__PROMPT__
Transcribe, verbatim, every line from the start of the entries through the line that contains "nobilé surface downlight"; include both boundary lines and omit all others.

(Short descriptive text snippets)
[Start of Attachment]

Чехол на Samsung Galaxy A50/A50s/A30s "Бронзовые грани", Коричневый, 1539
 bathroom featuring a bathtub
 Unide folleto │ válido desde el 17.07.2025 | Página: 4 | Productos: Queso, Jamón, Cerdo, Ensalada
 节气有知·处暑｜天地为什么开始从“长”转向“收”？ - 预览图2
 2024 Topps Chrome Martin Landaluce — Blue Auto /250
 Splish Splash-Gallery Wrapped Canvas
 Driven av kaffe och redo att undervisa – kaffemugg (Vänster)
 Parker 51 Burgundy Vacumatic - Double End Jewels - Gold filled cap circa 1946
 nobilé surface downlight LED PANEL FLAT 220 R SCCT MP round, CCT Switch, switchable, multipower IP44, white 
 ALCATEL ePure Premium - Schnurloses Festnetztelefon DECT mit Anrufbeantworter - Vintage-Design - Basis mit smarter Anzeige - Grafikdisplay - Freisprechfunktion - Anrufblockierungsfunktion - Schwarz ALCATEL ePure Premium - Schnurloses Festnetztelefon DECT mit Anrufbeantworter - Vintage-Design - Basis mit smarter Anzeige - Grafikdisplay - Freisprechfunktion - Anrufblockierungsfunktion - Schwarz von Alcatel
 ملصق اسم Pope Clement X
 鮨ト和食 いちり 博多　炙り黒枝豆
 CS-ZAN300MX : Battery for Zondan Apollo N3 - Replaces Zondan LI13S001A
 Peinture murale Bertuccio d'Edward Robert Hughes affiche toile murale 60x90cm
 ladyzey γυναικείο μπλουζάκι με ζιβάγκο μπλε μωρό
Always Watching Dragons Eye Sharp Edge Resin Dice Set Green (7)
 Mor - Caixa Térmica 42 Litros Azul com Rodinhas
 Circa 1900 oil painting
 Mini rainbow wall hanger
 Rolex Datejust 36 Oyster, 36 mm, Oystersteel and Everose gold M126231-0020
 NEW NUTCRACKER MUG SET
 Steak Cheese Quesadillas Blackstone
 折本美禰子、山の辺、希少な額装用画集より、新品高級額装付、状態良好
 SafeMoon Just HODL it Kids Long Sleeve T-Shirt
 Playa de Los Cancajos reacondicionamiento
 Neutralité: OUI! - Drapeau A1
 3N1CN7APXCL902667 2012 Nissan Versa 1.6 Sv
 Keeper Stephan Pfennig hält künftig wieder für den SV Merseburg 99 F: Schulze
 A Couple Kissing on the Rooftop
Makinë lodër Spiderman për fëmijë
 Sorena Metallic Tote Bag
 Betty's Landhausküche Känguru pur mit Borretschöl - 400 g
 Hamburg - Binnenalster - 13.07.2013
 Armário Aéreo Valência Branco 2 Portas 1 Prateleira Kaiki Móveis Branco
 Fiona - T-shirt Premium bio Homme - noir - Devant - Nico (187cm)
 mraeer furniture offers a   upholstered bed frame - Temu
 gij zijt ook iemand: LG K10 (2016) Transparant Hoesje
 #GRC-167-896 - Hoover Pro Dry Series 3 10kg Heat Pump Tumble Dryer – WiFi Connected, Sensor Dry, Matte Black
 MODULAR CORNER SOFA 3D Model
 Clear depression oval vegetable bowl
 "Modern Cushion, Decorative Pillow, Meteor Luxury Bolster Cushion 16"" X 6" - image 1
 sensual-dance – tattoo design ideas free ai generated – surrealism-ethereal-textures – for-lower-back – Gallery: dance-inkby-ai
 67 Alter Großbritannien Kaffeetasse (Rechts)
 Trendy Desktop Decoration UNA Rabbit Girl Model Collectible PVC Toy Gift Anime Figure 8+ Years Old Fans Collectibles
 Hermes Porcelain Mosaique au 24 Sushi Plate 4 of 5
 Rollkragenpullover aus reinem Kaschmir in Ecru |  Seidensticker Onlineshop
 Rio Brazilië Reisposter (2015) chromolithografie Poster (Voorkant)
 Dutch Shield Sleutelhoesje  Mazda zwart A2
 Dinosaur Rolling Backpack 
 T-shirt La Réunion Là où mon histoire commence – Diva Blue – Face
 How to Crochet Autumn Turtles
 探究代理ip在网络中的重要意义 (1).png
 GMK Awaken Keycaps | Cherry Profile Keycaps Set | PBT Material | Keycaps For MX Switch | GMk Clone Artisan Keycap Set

[End of Attachment]

__ANSWER SECTION__
Чехол на Samsung Galaxy A50/A50s/A30s "Бронзовые грани", Коричневый, 1539
 bathroom featuring a bathtub
 Unide folleto │ válido desde el 17.07.2025 | Página: 4 | Productos: Queso, Jamón, Cerdo, Ensalada
 节气有知·处暑｜天地为什么开始从“长”转向“收”？ - 预览图2
 2024 Topps Chrome Martin Landaluce — Blue Auto /250
 Splish Splash-Gallery Wrapped Canvas
 Driven av kaffe och redo att undervisa – kaffemugg (Vänster)
 Parker 51 Burgundy Vacumatic - Double End Jewels - Gold filled cap circa 1946
 nobilé surface downlight LED PANEL FLAT 220 R SCCT MP round, CCT Switch, switchable, multipower IP44, white 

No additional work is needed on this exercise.